Software Requirements

To get started you need to have installed following:

Project is built using Gradle build tool but it’s using Gradle Wrapper so you are not required to install it manually nor you don’t have to be afraid of version clash.

You can use IDE of your choice but IntelliJ IDEA provides so far the best Gradle integration even in the free Community version. Import the project as Gradle project get the best developer experience.

Because of RocksDB requirements you may need to install the C++ 2015 redistributable.

What are you going to do?

You have just been hired by a big retail company as Data Engineer. Ready for the challenge?.

Let's start with the first task!

Exercise 0: reading, transforming and writing to Kafka

Security department has raised an issue because credit card numbers are being stored in different databases in the company and that's a huge potential risk. Your first tasks is mitigate that problem.
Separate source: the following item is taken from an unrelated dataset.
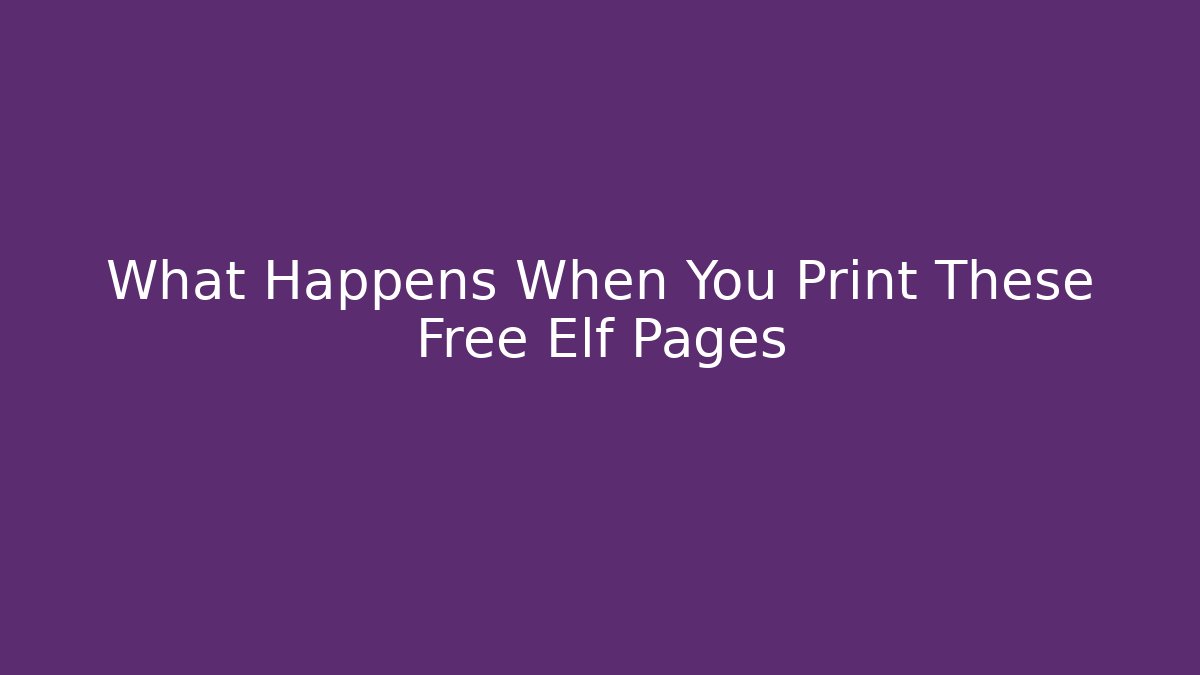 What Happens When You Print These Free Elf Pages - Vintage E-Juice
The easiest way is obfuscate the credit card number in the purchase topic when is copied from the transaction topic.

You have a deadline in tree months and six-figures budget. Unfortunately, this workshop only last 2 hours so forget the budget and let's start coding.

  1. Open src/test/java/antonmry/exercise_0/KafkaStreamsIntegrationTest0.java and investigate how an integration test is done with Kafka Streams and get familiarised with the test and the format of the of the messages.
  2. Open src/main/java/antonmry/exercise_0/KafkaStreamsApp0.java
  3. Complete with the proper code the places indicated with a TODO comment (except the homework).
  4. Test it! We recommend to launch the test using your IDE instead of Gradle so you can do it easily but you can also do it also from command line:

Windows:

gradlew.bat test --tests KafkaStreamsIntegrationTest0

Linux:

./gradlew test --tests KafkaStreamsIntegrationTest0

Done? Do you have time yet? Try with the homework: write some integration tests. See the Kafka JUnit.

Topology:

Topology

Exercise 1: build a topology with several nodes

Wow! Your managers are quite surprised with how fast you solved the credit card numbers issue. They see the potential of the Kafka platform and your skills and they want take advantage of both of them. More requirements are coming!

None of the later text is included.